Scène lesbienne, SM, fétichisme, orgies, anulingus … En moins de dix jours, le livre se hisse en tête des best-sellers du New York Times. Objet de collection, mais aussi outil polémique et politique, il réapparaît aujourd’hui dans le cadre du projet culturel Saint Laurent Rive Droite à l’initiative de Madonna elle-même et d’Anthony Vaccarello, directeur artistique de Saint Laurent . En plus d’une réédition limitée à 800 exemplaires, ces clichés s’exposent au Art Basel de Miami. Un objet à l’intersection de la pop culture, de l’expression du désir féminin et du féminisme. Comment regarder cet objet en 2022 ?
Auto-plaisir
En 1992, la star est couronnée du titre de reine de la provoc jouant simultanément avec les codes religieux et sexuels (roulage au sol en mariée débauchée en 1984 sur la scène de MTV awards, scène bisexuelle et homosexuelle dans le clip Justify my love, simulation de masturbation sur le Blond Tour en corset conique Gaultier. “Les artistes sont là pour troubler la paix”, rappelle-t-elle en citant James Baldwin.
La sortie de Sex le 21 octobre 1992 fait l’effet d’un court-circuit dans l’imagerie érotique, communément pensée depuis un point de vue masculin – le fameux male gaze. “Ici, le regard masculin est subverti par un regard autodirigé. Dans plusieurs clichés de Sex, Madonna, est l’objet de son propre désir”, note la philosophesse Susan Bordo. À trois reprises dans l’ouvrage, Madonna est photographiée se caressant face à un miroir. Dans la majorité de clichés (91/101) elle est le sujet principal. Quant aux hommes, ils restent au second plan, un seul pénis apparaît, et il n’est pas en érection.

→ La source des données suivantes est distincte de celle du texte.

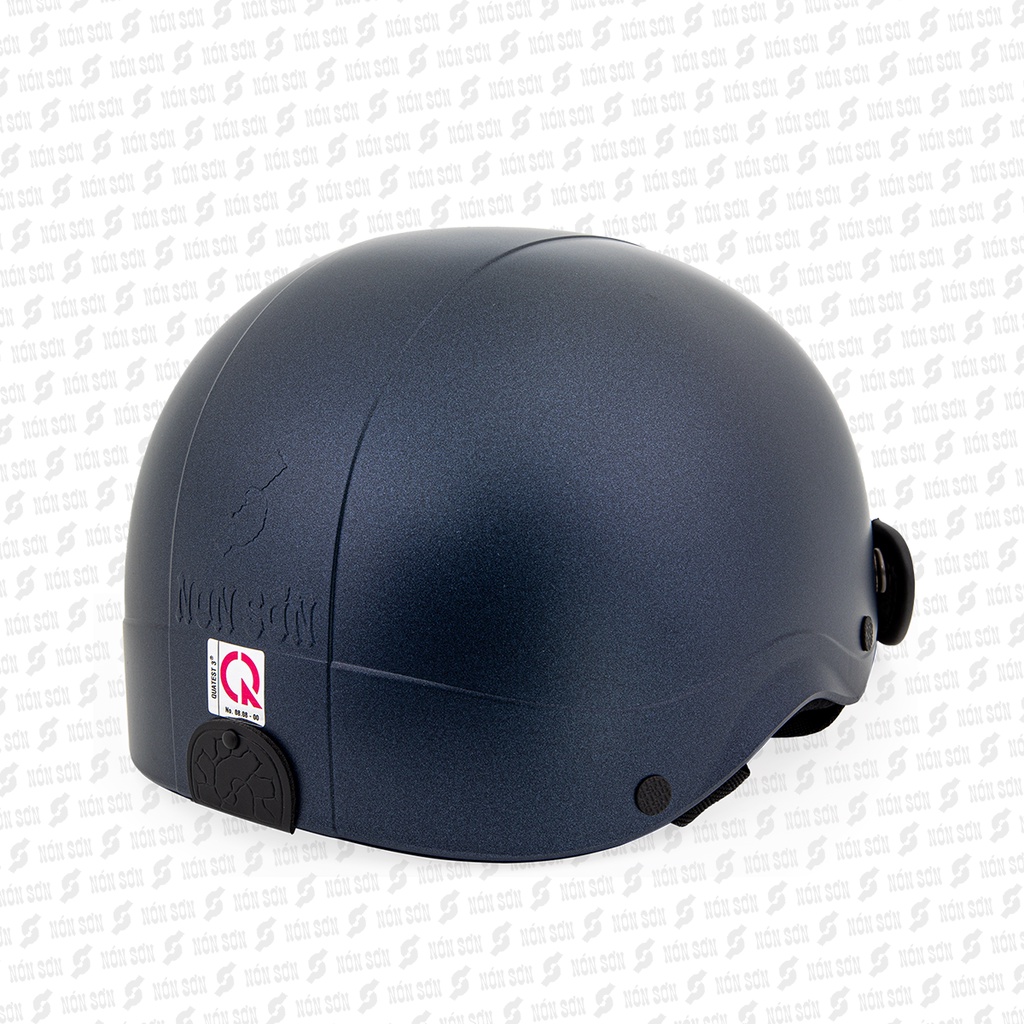 Mũ bảo hiểm nửa đầu chính hãng NÓN SƠN TN-XH474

À tout juste 34 ans, Madonna déjoue les codes genrés de la mise en image porn et se met en scène dans une posture de contrôle. Posture que l’on retrouve également dans le processus de production et la fabrication du livre. Quelques mois avant la sortie du livre, la material girl concluait un accord avec Time Warner, afin de posséder son propre label : Maverick Records. Un tour de force, qui comprenait Maverick Films, Maverick Musica, l’édition de livres et une société de production télévisée. Quant à Sex, elle en maîtrise tous les aspects. Dans une interview accordée en 1992 à Vanity Fair, elle revient sur le choix du photographe Steven Meisel, connu pour son travail dans la mode. Il prendra plus de 20 000 clichés de Madonna et passera un mois avec elle pour procéder à la sélection. Coté direction artistique, elle choisit Fabien Baron, alors directeur artistique de Harper’s Bazaar qui s’exclamera : “128 pages présentant le même sujet, la même personne, et à chaque page, elle est nue ! C’est dur. Qu’est-ce que vous en faites ?”
La réponse ? Un objet de collection, enveloppé dans un emballage métallisé scellé, marquant son caractère illicite. En ouvrant le livre, le lecteur découvre des images majoritairement en noir et blanc ou se croisent Naomi Campbell, Isabella Rossellini et les rappeurs Big Daddy Kane et Vanille Ice. Le tout est accompagné de texte, comme écrit à la main où Madonna raconte ses fantasmes. Traduit en français, allemand, japonais et espagnol, le livre est un phénomène culturel et enregistre des ventes records à sa sortie.
Même si beaucoup crient au scandale : “Tout le monde est sorti acheter Sex, il a été vendu en deux secondes. Et ensuite tout le monde m’a insultée. Pour moi, c’est une déclaration sur l’hypocrisie du monde dans lequel nous vivons. Le fait que tout le monde soit si intéressé par le sexe, mais ne veuille pas l’admettre…”, conclura Madonna dans une interview à New Music Express en 1995.
Scandale et nouveaux tabous
Trois décennies plus tard, la réédition du livre fait jour dans un contexte ou la parole et la monstration de la sexualité passent par de nouveaux canaux, tout en restant un objet de censure et de contrôle. Quant à Madonna, elle conserve son statut d’artiste libre et engagée sur les représentations de la féminité.
En novembre 2021, âgée de 62 ans, elle poste sur Instagram une photo d’elle allongée sur un lit en body-string, collant résille, talons aiguilles, et tétons à l’air, rappelant ainsi les clichés érotiques de Sex. Aujourd’hui comme hier, la sentence est sans équivoque : Madonna est censurée. “Je suis étonnée d’avoir réussi à maintenir ma santé mentale pendant quatre décennies de censure, de sexisme, d’âgisme et de misogynie« , s’indignait-elle alors sur la plateforme
« Madonna est victime d’âgisme, mais contrairement à d’autres célébrités comme Susan Sarandon ou Helen Mirren, elle est ramenée à une femme qui, historiquement, a utilisé son corps comme une marchandise sexualisée”, écrivent les sociologues des médias Kristyn Gorton et Joanne Garde-Hansen dans un article publié en 2012. Grâce à sa position d’icône, construite ardemment au fil des quatre dernières décennies, Madonna continue de briser les tabous contemporains. Le scandale reste son ultime arme, tel un miroir confrontant la société à ses discriminations.